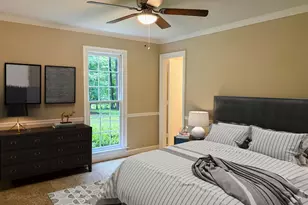 148 Greenbriar Dr, Gray, GA 31032 - Photo 24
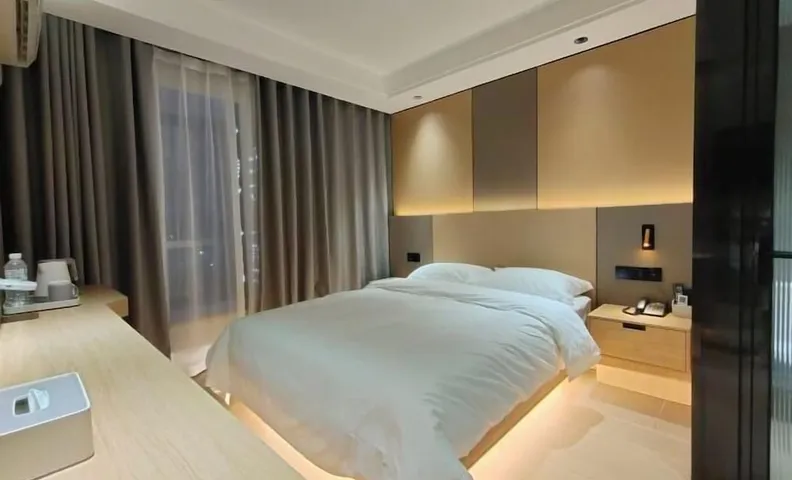 Alant Hotel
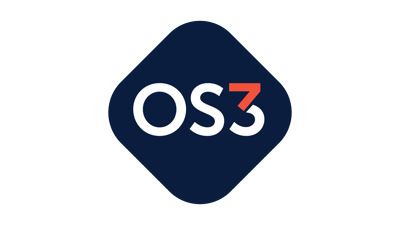 Beijer Electronics OS3 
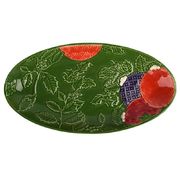 ����� �������� ���������� ���� 33,5�18�� 65026061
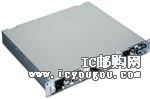 S1U-3X-16-A-12-RCDƬ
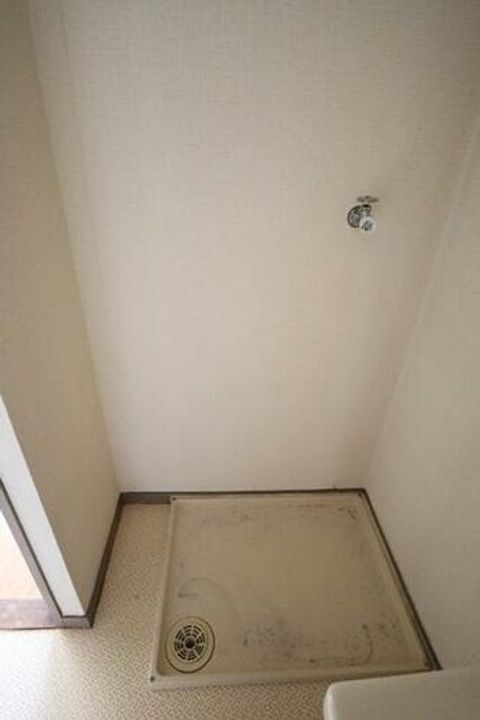 メゾン丸山203のその他画像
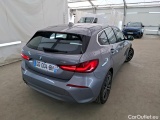 Bmw  Serie 1 BMW Série 1 / 2019 / 5P / Berline 116i DKG7 Business Design #3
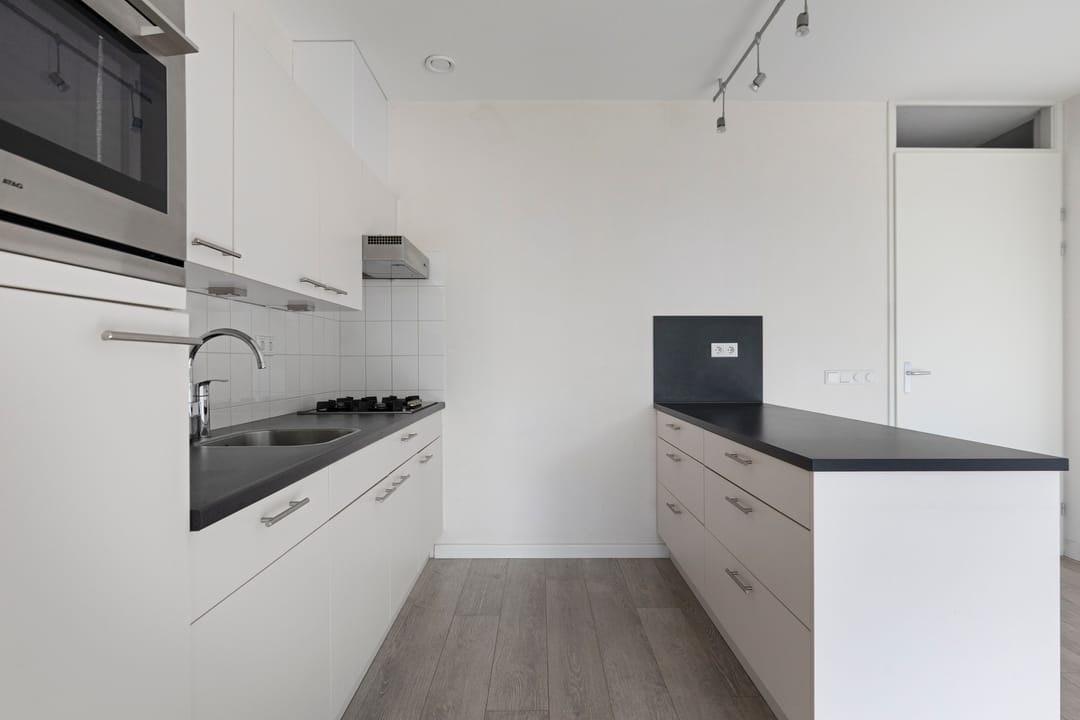 Photo 11 of Fazantenhof 53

========

PROBLEM STATEMENT → Once the line containing "Business Design #3" is located, write out exactly that line and each one after it to the end of the records above, excluding pictures and nothing else.

SOLVED EXERCISE →
 Bmw  Serie 1 BMW Série 1 / 2019 / 5P / Berline 116i DKG7 Business Design #3
 Photo 11 of Fazantenhof 53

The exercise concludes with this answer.